Etant rappelé que l’injure est caractérisée, selon le deuxième alinéa de l’article 29 de la loi du 29 juillet 1881, par «toute expression outrageante, termes de mépris ou invective qui ne renferme l’imputation d’aucun fait», l’intégralité des termes ci-dessus reproduits en gras répondent à cette définition, ce que le défendeur ne conteste pas. En effet, les termes «misérable imbécile» et «il n‘est rien d’autre qu’un petit trou du cul» sont manifestement outrageants, tandis que les termes «triste individu», «aussi laid que lui», «énergumène» et «aussi inepte que l’individu lui même» sont de manière tout aussi évidente méprisants.
Pour conclure néanmoins au mal fondé des demandes formées à son encontre, Thierry C. fait valoir qu’il ne peut y avoir ni condamnation pénale, ni condamnation civile lorsque l’injure a été précédée d’une provocation, et qu’en la cause, il se trouvait « sous le coup de l’émotion causée par les provocations réitérées » de Jean-Luc P.
Ce moyen de défense ne saurait cependant être retenu.

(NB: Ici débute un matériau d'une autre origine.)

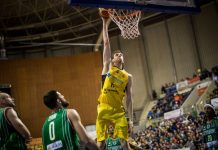Fran Vázquez: "Los jugadores dan su mejor versión en el Canarias por la confianza que dan el club y Vidorreta"
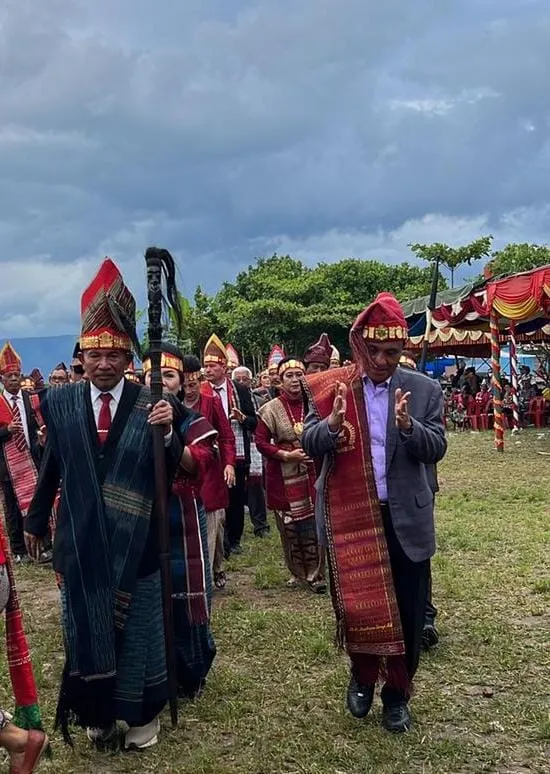 Gubsu Dan Kapoldasu Hadiri Puncak Acara Pesta Syukuran PARNA Indonesia Di Samosir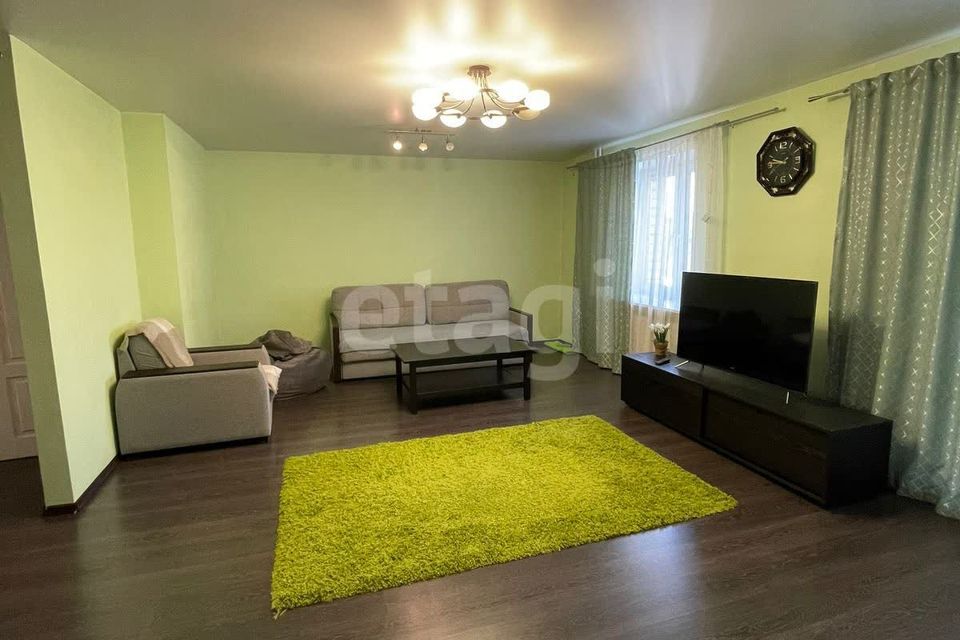 Продаётся 3-комнатная квартира, 98.4 м²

Il est en effet de principe que la provocation ne peut résulter de l’exercice normal d’un droit, tel que le droit de critique, qu’il doit s’agir d’un fait injuste ou fautif, de nature à faire perdre son sang-froid à la personne qui riposte, et que ce fait caractérisant une provocation doit être proportionné et assez proche dans le temps de l’injure.
En premier lieu, si la brève mise en ligne le 9 septembre 2009 par Jean-Luc P. est ironique dans son ton, elle ne comporte aucune expression susceptible d’être qualifiée d’injurieuse ou même de fautive à l’égard de Thierry C. et se limite, pour l’essentiel, à qualifier «l……com» d’être «le plus insignifiant des annuaires français … quand son créateur (entendre Thierry C.) le prétend “le plus important annuaire français“», ce qui relève du libre droit de critique d’un bien ou service, exclusif de toute provocation.
La même observation peut être faite à propos du message que Jean- Luc P. a mis en ligne le 20 décembre 2009, qui se limite à expliquer pourquoi le premier n’a pas été supprimé.
Dans le troisième message mis en ligne le 3 octobre 2010, intitulé «Thierry C., la gendarmerie de M. et moi…», Jean-Luc P. relate la conversation qu’il a eue avec un gendarme à la suite de la plainte que Thierry C. avait déposée auprès du procureur de la République de Cahors aux fins d’obtenir la suppression du premier message, plainte qui a fait ultérieurement l’objet d’un avis de classement sans suite du 29 mars 2011. Tout comme les deux premiers, ce message ne comporte aucune expression provocante susceptible de faire perdre son sang-froid à Thierry C. Jean- Luc P. ne fait que s’interroger sur le bien fondé de la plainte et sur le coût pour l’Etat français que son instruction va entraîner.
En second lieu, les trois messages précités sont trop anciens pour être susceptibles d’être invoqués à titre de provocation. En outre, il n’existe aucune proportion entre les termes de ces messages, ironiques mais exempts d’attaque personnelle en termes fautifs, et les propos injurieux tenus par Thierry C. dans son message rendu public le 20 décembre 2009.
Par suite, Thierry C. est tenu de réparer le préjudice que ces injures publiques ont causé à Jean-Luc P.
Ce préjudice sera suffisamment réparé par l’allocation de la somme de 1000 € à titre de dommages et intérêts, sans qu’il soit nécessaire de compléter cette indemnisation par une mesure de publication judiciaire.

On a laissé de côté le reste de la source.